*What you have to do:*
If an entry holds a picture, drop the picture and restate the rest word for word.

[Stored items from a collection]
┌──
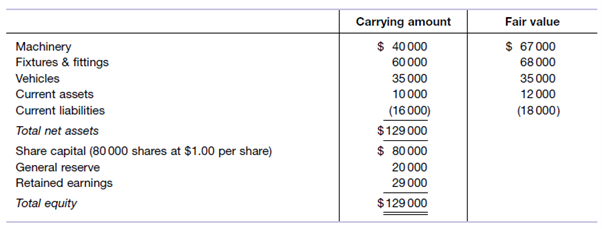 Carrying amount
Fair value
$ 40000
$ 67 000
Machinery
Fixtures & fittings
Vehicles
60 000
68 000
35 000
35 000
Current assets
10000
12000
Current liabilities
(16000)
(18000)
Total net assets
$129 000
Share capital (80 000 shares at $1.00 per share)
General reserve
Retained earnings
$ 80000
20000
29 000
Total equity
$129 000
└──
*Solution:*
 Carrying amount
Fair value
$ 40000
$ 67 000
Machinery
Fixtures & fittings
Vehicles
60 000
68 000
35 000
35 000
Current assets
10000
12000
Current liabilities
(16000)
(18000)
Total net assets
$129 000
Share capital (80 000 shares at $1.00 per share)
General reserve
Retained earnings
$ 80000
20000
29 000
Total equity
$129 000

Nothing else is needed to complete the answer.